I think it's relevant that Ahsan neglected (forgot?) to mention Junoon in his article. In my opinion as far as "Rock 'n Roll" goes there is no band in our history that comes even close to embodying it's full spirit the way Junoon did, and yet they are depressingly un-influential in the minds of the modern day Pakistani guitar-wielding youth.

I think if Pakistan's youth truly did put their faith in Rock 'n Roll, a band like Junoon would be much more influential in their musical output, and would consequently be unforgettable to someone writing an article concerning these young musicians and the history of non-classical music in Pakistan.

Ahsan said...

Nadir:

AKS wrote this post, not me.

Junaid said...

Not all 17 year olds who play the guitar do it to get laid :P

Hehe, on a more serious note, good article. And I agree the vast majority of Pakistanis would rather listen to pop than rock, because that's just how we are. Pakistanis go for singers, not musicians, they will appreciate the guy who's singing, not the composition/ beat/ bass line/ etc. This is not suggesting that singers aren't musicians or that they aren't good, but the fact remains that musical instruments aren't really appreciated as much here.

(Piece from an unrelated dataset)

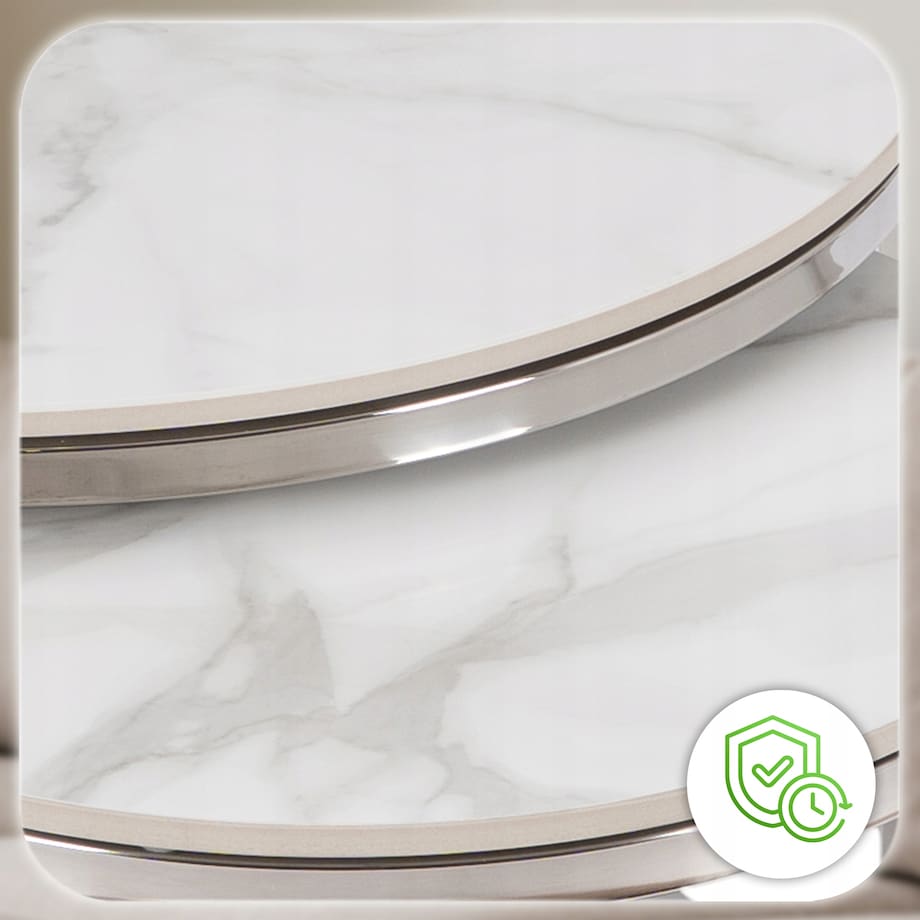 Stolik Kawowy Okrągły Zestaw 2w1 Ława Glamour Marmur Biały Srebrny AMARA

I remember my uncle telling me one day when I was playing the guitar, "You should learn to sing, since singers are the only ones who gets famous, not the band."
I rest my case.

Junaid said...

Apologies for the second consecutive post, but I'd like to say that Junoon is really popular amongst the youth even today, or at least plenty of the teenagers. They might not be held in the same awe as they were in the 90s but they're still really popular.
Personally I am a huge fan, and think it is the best Pakistani band of all times (OK so I'm a little biased).
On a slightly related note most of the "guitar wielding youth" can't play for s*** (no offence to anybody), or don't make any effort to do as such. There's a difference between owning an instrument and actually playing it because you want to.
Secondly I'll second what Karachi Khatmal has done well to point out, everything in Pakistan is already so politicized, we don't really need to have politics in music. Politics is the staple of everyday conversations in the country, so it gets enough "coverage" anyway.

Nadir said...

Oh sorry about that Ahsan...

Junaid I think that in most Underground music all over the world there will always be a large number of people who can't play well at all... Wherever this music goes it leaves a long shadow of people who are more impressed with the idea of rock 'n roll than the actual music.

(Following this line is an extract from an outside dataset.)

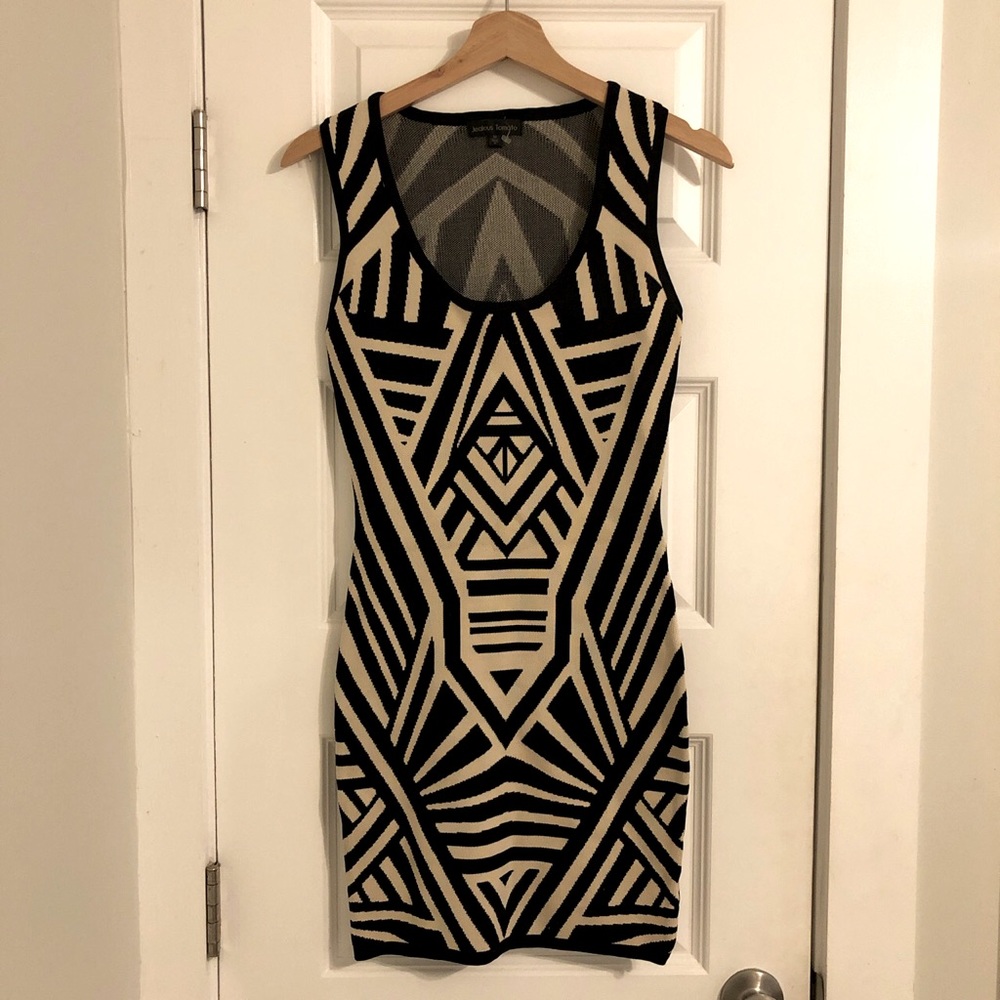 Black + cream geometric bodycon dress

The typical underground scene is also replete singers who suck (because bands don't bother with them or just put their friends on the mic), so whereas mainstream music here is definitely all about the singer, underground music actually lacks good vocalists... To see that phenomenon at work all you need to do is go to a few underground gigs in Karachi :)

Ali said...

I think this article is sad to say the least. You see the people Declan Walsh talks about in the article are not the Atifs and the Jals or even the Ali Azmats in this country who undoubtedly have cliched reasons to make music (aka getting laid, according to popular belief - which again, is absurdly incorrect). They want to make money and they've done a BLOODY good job at that. As far as "getting laid" goes.. well the concept just seems a little funny here in Pakistan. Way too many kids have picked up guitars and other instruments these days and I dont think there are as many girls to fulfill their oh-so-naughty desires anyway. Yet, you shouldn't be stereotyping people or musicians here at all.

The people mentioned in the article like Hamza Jafri and the few underground bands from Islamabad etc. are actually making the kind of music that people need to listen here - obviously it's been a bit exaggerrated with the whole 'revolutionary' thing but powerful nonetheless. Sadly, we just can not get enough of the cheesy pop-rock "channo" music that has been going on for the past.. I don't know how many years.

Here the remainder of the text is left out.